## TASK REQUIREMENTS
Which lines run from the one containing "Cool Air Styler" through the end of the data? Write them out exactly, with the pictures left out.

## MATERIAL PROVIDED
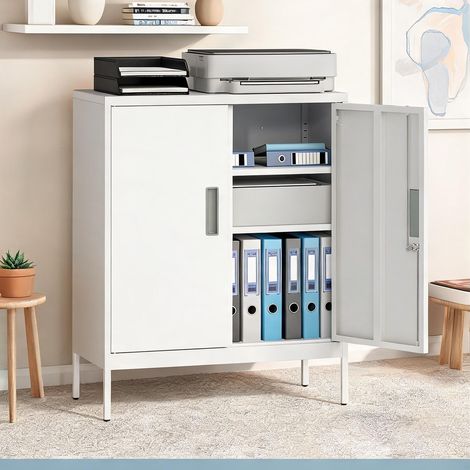 Meuble de rangement de bureau en acier 80 x 40 x 100 cm (1/5)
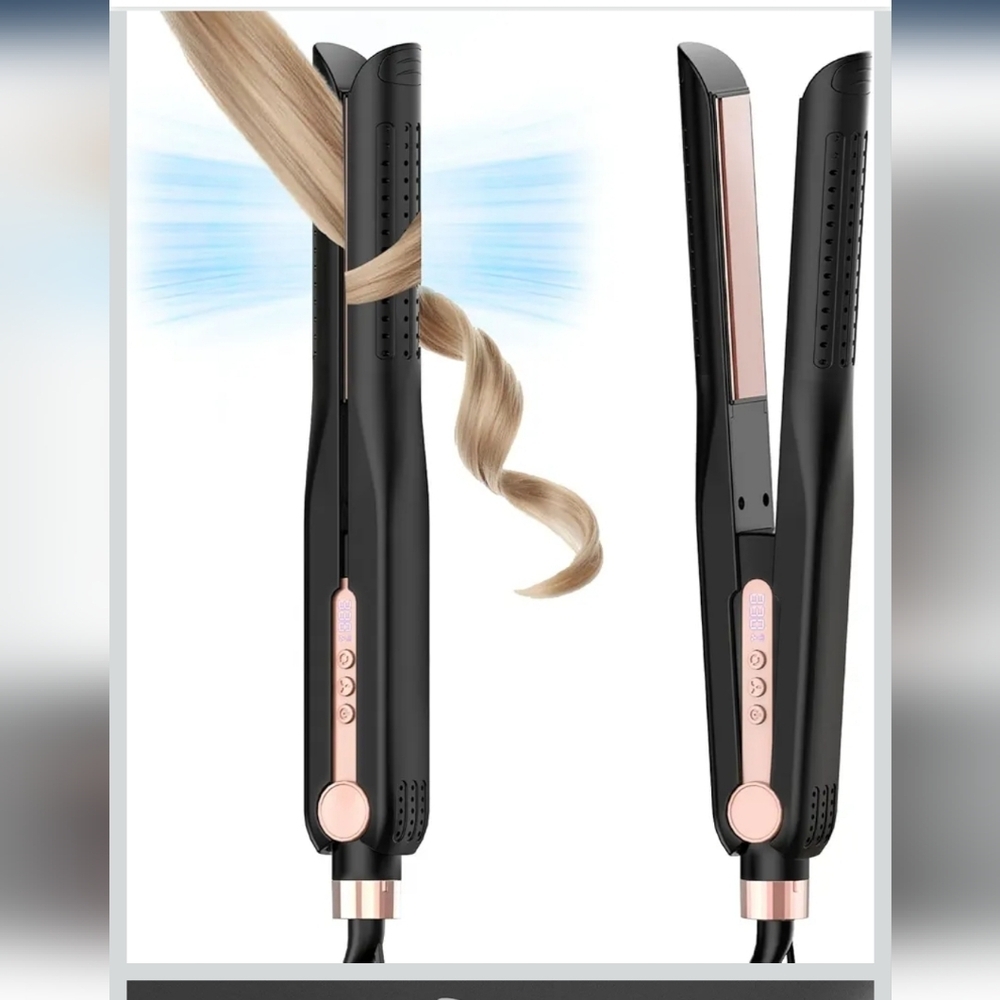 Cool Air Styler 48 Watts Professional Black Hair Straightener NIB
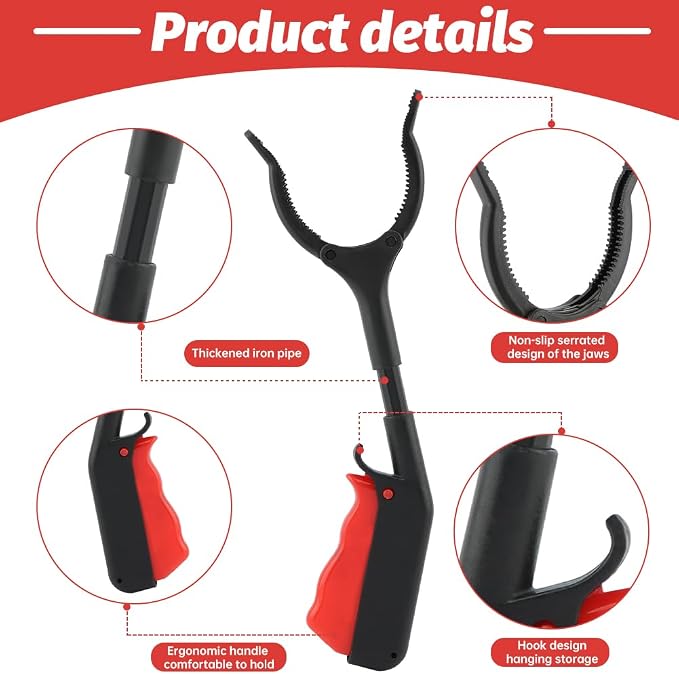 Grabber Tool, 4pcs 30cm/12inch Grabber Reacher Tool Claw Rubbish Tong, Lightweight Trash Pick up Stick,Portable Grabber Tool for Adults Litter Pickers Sanitation Workers(Black+red)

## WRITTEN RESPONSE
 Cool Air Styler 48 Watts Professional Black Hair Straightener NIB
 Grabber Tool, 4pcs 30cm/12inch Grabber Reacher Tool Claw Rubbish Tong, Lightweight Trash Pick up Stick,Portable Grabber Tool for Adults Litter Pickers Sanitation Workers(Black+red)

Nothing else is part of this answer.